Threads of dark power leap from your fingers to pierce up to 5 Small or Medium corpses you’ll see within range. Each corpse immediately stands up and becomes undead. you choose whether it’s a zombie or a skeleton (the statistics for zombies and skeletons are within the Monster Manual), and it gains a bonus to its attack and damage rolls adequate to your spellcasting ability modifier. you’ll use a bonus action to mentally command the creatures you create with this spell, issuing a similar command to all or any of them.
To receive the command, a creature must be within 60 feet of you. you opt what action the creatures will take and where they’re going to move during their next turn, otherwise, you can issue a general command, like to protect a chamber or passageway against your foes. you issue no commands, the creatures do nothing except defend themselves against hostile creatures. Once given an order, the creatures still follow it until their task is complete.
Danse Macabre 5e
- Casting Time: 1 action
- Range: 60 feet
- Components: V, S
- Duration: Concentration, up to 1 hour
- Scales: Yes
- Casters: Warlock, Wizard
The creatures are under your control until the spell ends, after which they become inanimate another time.
At higher level
When you cast this spell using a spell slot‘ of 6th level or higher, you animate up to 2 additional corpses for every slot level above 5th.

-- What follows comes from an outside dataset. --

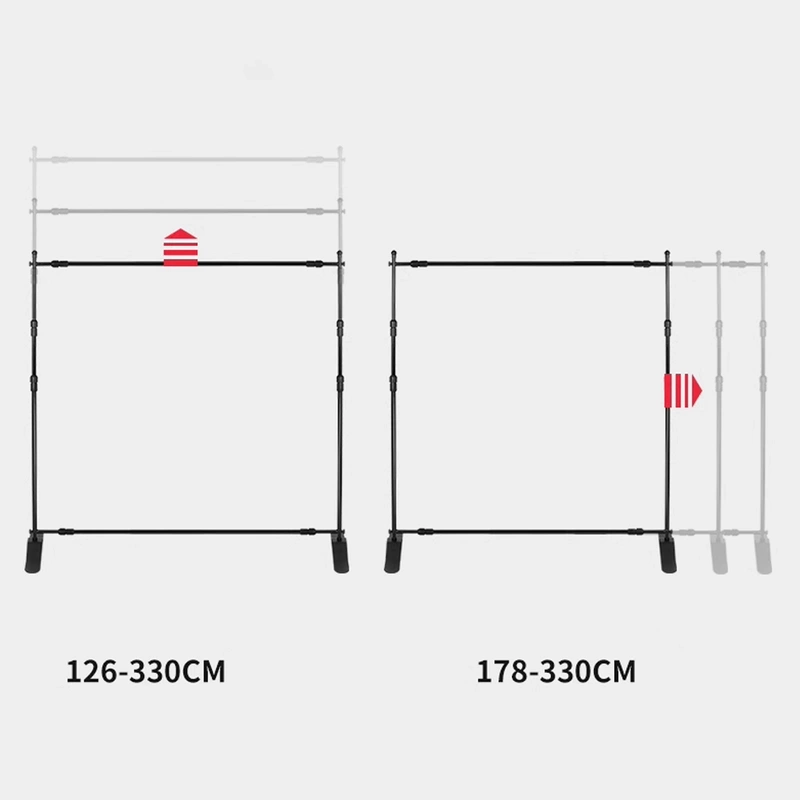 Statyw Zestaw do Tła Fotograficznego Poprzeczka Teleskopowa 3,3x3,3m Mocne Statywy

When cast, up to 5 corpses within 60 feet (18 meters) were reanimated as undead. The caster was ready to command the creatures. If no command was given, the undead only defended themselves if attacked. The undead followed the caster’s command until it had been fulfilled. When the spell expired, the spell was lifted and therefore the undead collapsed, becoming corpses another time.

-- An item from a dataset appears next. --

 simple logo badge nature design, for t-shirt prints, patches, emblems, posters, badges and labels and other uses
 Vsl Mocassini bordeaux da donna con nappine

Remember that outside of what you’ll consider an evil act in your individual campaign (which is true for anything) animate dead is comparatively unique that it’s specifically called out as a spell that only evil characters use often whereas dance doesn’t have that. Some may feel it should others might not.
While in D&D you are doing not always need to rationalize why something is good/evil/whatever (and usually don’t since alignment discussions are among the worst things in D&D especially on this board) but if you are doing need some kind of explanation about how the 2 are different as I recall animate dead creates a permanent undead creature that if not continually kept in restraint with the spell will leave and do evil actions. Dance may be a temporary effect I think and if something happens the spell will wear off and therefore the undead is going to be no more. which will not be enough for a few people except for others that distinction could also be enough.
This spell danse macabre 5e to your side a natural creature (typically an animal, magical beast, or a giant). The summoned ally appears where you designate and acts immediately, on your turn. It attacks your opponents to the simplest of its ability. If you’ll communicate with the creature, you’ll direct it to not attack, to attack particular enemies, or to perform other actions as you command.
A danse macabre 5e cannot summon or otherwise conjure another creature, nor can it use any teleportation or planar travel abilities. Creatures can’t be summoned into an environment that can’t support them. Creatures summoned using this spell cannot use spells or spell-like abilities that duplicate spells that have expensive material components (such as wish).